**YOUR OBJECTIVE:** Please give back all the records exactly, but keep the pictures out.

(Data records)
┌────────
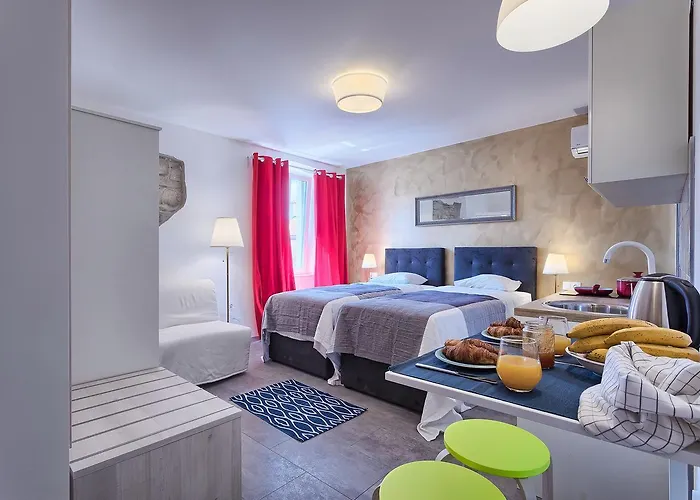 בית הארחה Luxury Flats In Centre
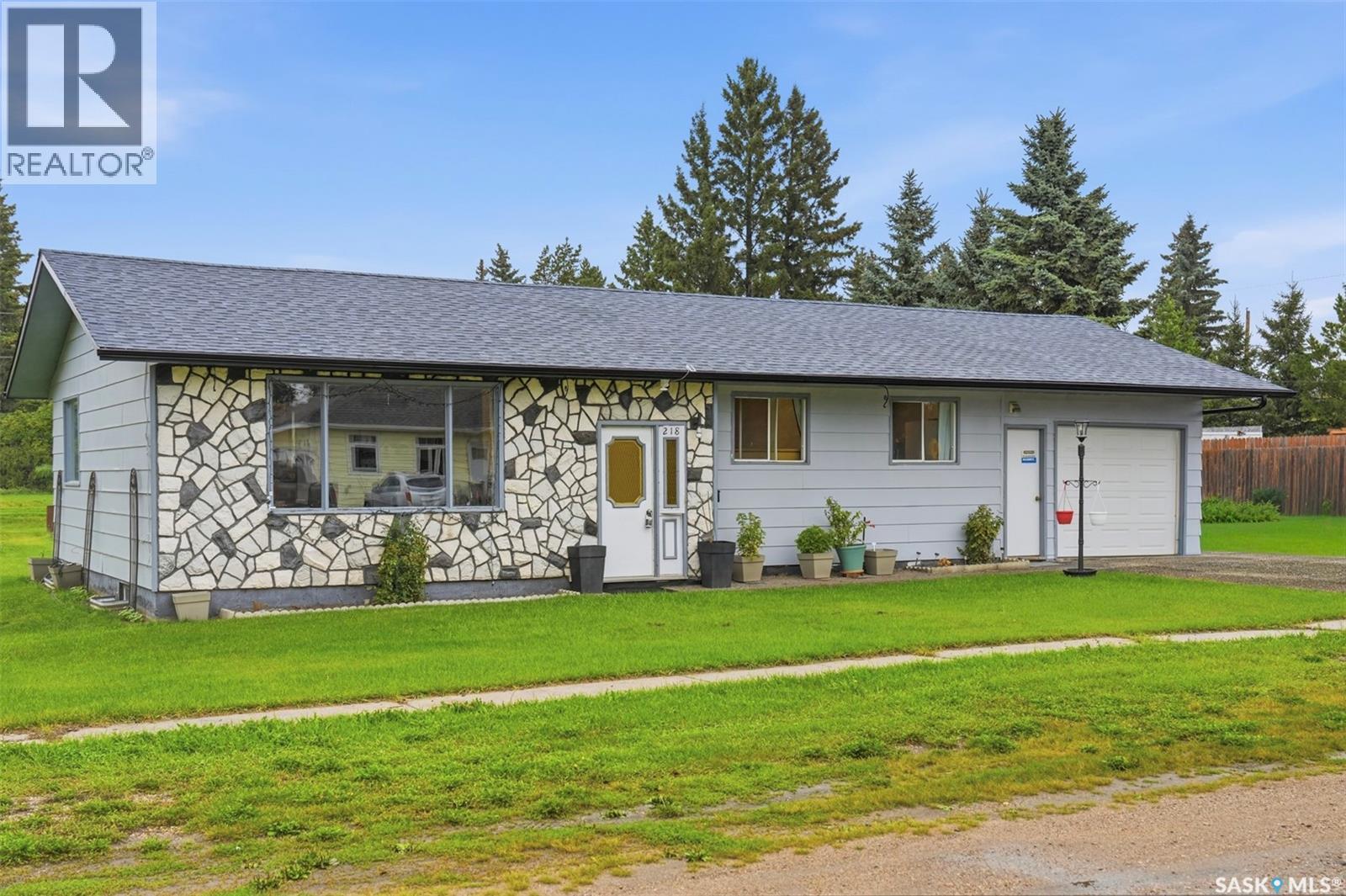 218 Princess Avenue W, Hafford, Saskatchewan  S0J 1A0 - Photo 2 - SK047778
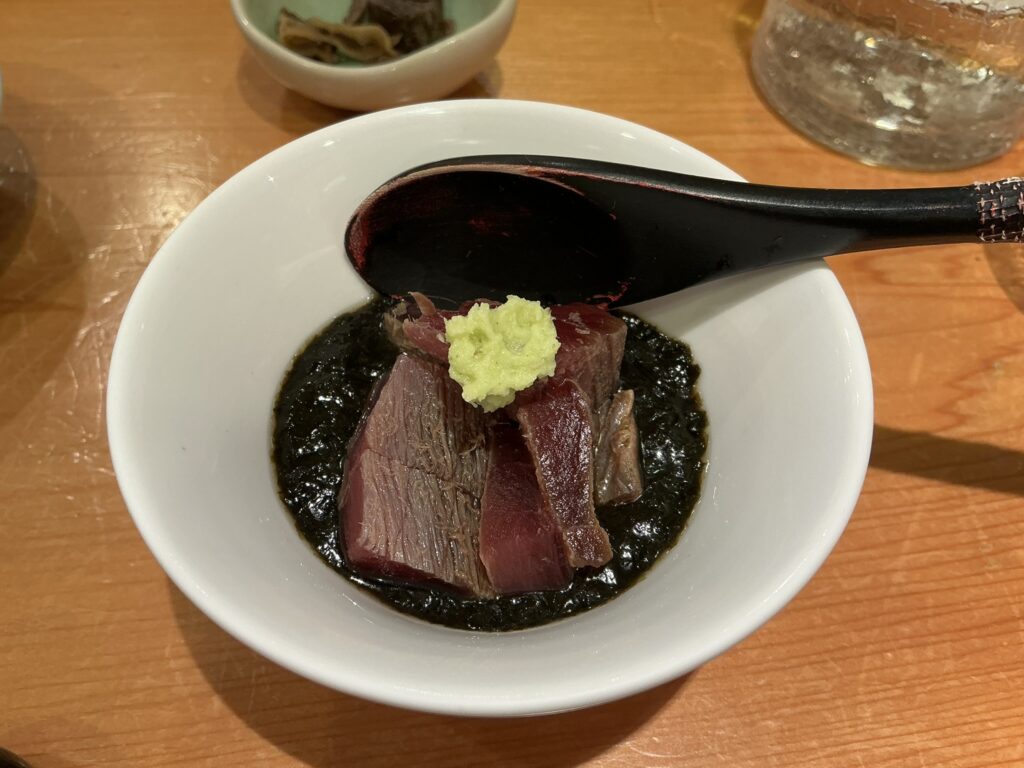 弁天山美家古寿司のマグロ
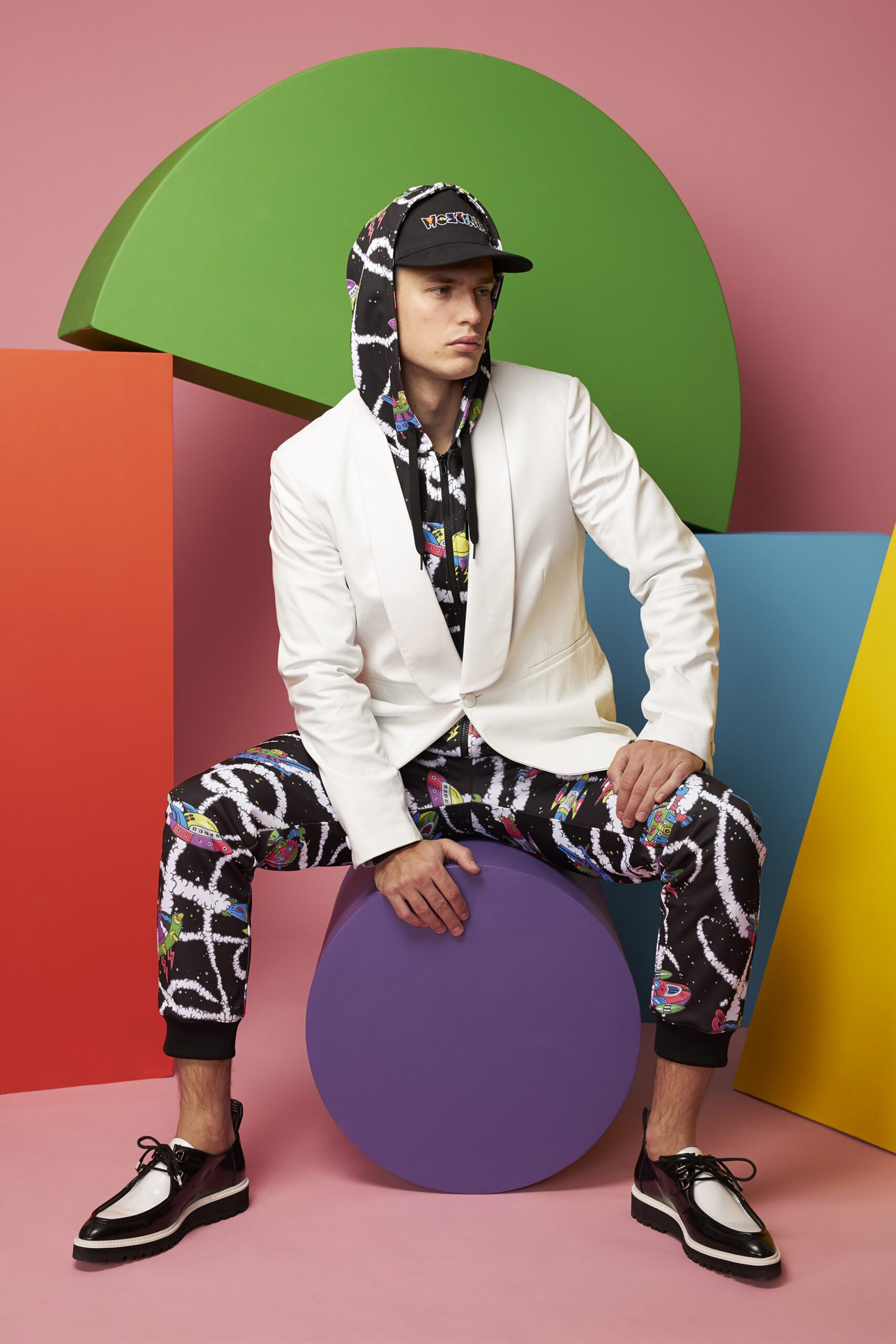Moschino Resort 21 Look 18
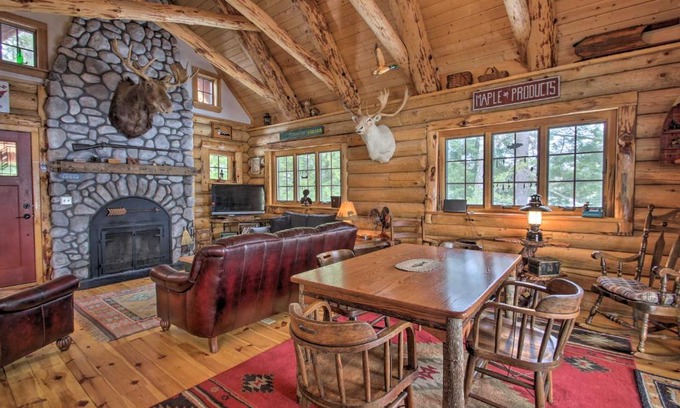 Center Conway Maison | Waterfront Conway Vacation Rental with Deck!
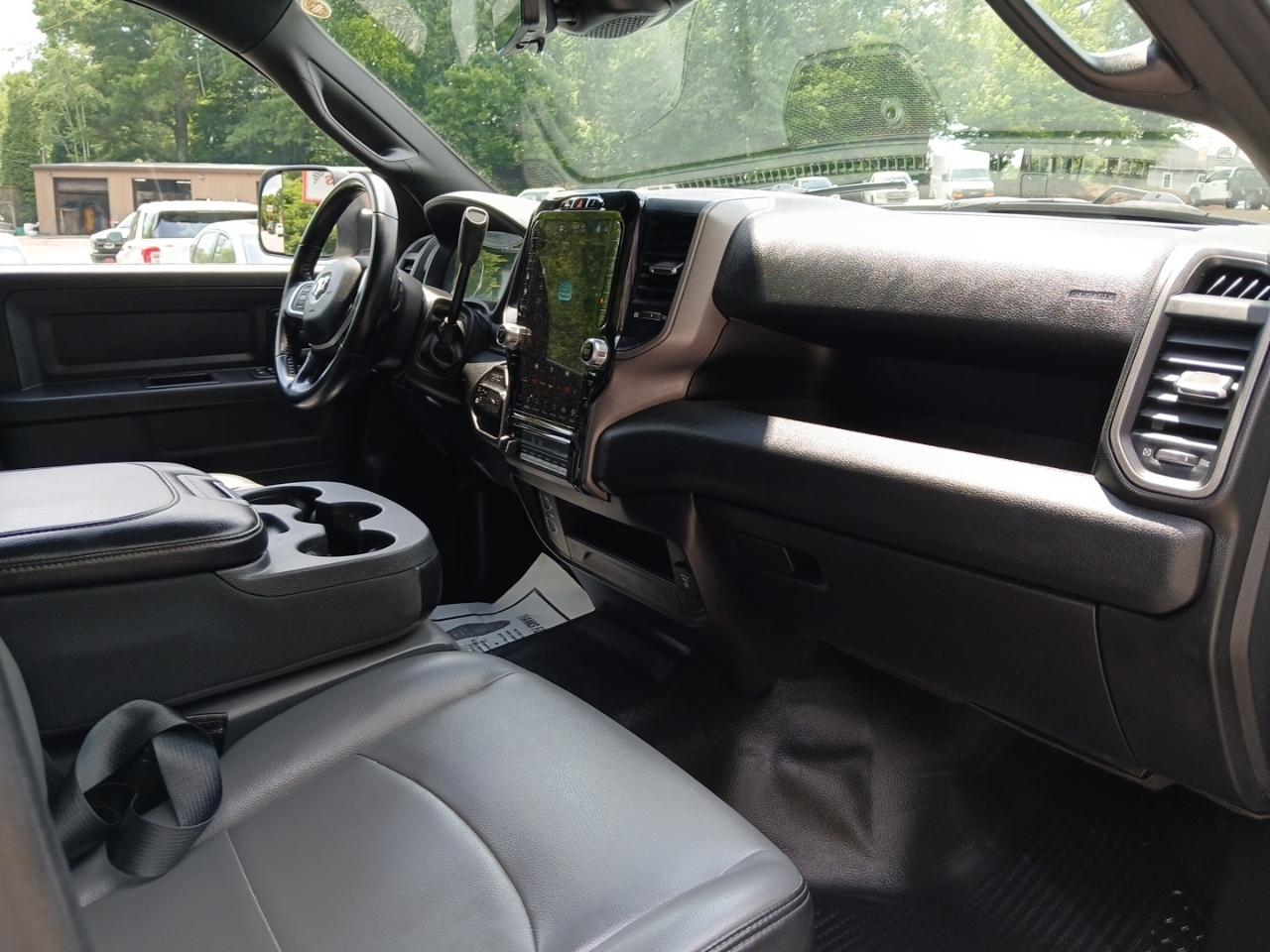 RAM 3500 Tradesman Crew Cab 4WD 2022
└────────
**SOLUTION TO THIS EXERCISE:**
 בית הארחה Luxury Flats In Centre
 218 Princess Avenue W, Hafford, Saskatchewan  S0J 1A0 - Photo 2 - SK047778
 弁天山美家古寿司のマグロ
Moschino Resort 21 Look 18
 Center Conway Maison | Waterfront Conway Vacation Rental with Deck!
 RAM 3500 Tradesman Crew Cab 4WD 2022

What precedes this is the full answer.